Nigel Booen, director of Design at multi-skilled planning consultancy, Boyer (part of Leaders Romans Group), discusses the growing potential to adapt empty or underutilised high street premises for healthcare use, and sets out a number of key architectural considerations when converting a building for this purpose.

Last November, the controversial Darzi Report,1 in its recommendations for the future of the NHS, stated that, 'Too great a share [of NHS funding] is being spent in hospitals, too little in the community', and emphasised the importance of locating healthcare facilities on the high street — closer to where people live, work, and shop.

In the same month, the Built Environment Committee of the House of Lords published High Streets: Life beyond retail.2 The report recognised that people wish to have a mix of provisions on the high street, which may include public services such as health services. As well as boosting NHS capacity and meeting the needs of local communities, the report says health centres could act as new 'anchor' sites for high streets and bring in more people to the local high street.

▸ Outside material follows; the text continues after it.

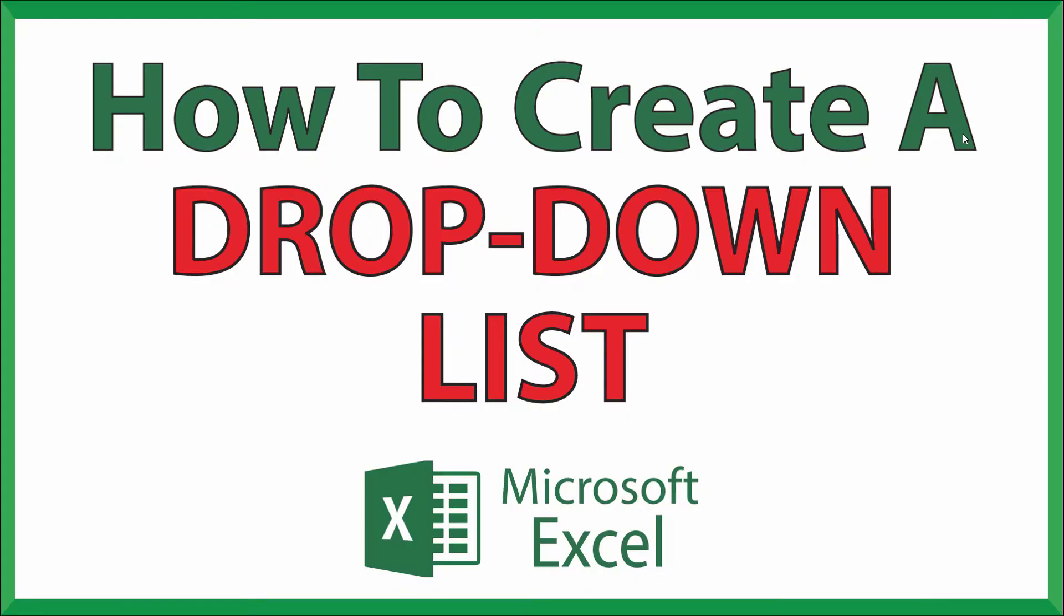This is going to be a video tutorial on how to create a drop-down list in Microsoft Excel. I'll be using Office 365 on a desktop PC for this. Let me jump over to Excel here.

The benefits of locating healthcare services in town centres and high streets has been widely recognised for many years. The reasoning was conveyed very comprehensively in a 2020 report by the NHS Confederation, Health on the High Street.3 The report recognises, among other benefits, the role that public healthcare performs in broadening the range of services within communities, supporting and participating in the design of healthy communities and utilising vacant properties. Specifically, the report states that, 'Health and wellbeing are central to community life, and a new vision of a civic, more community-centred high street must have health services at its heart and promote healthy living'.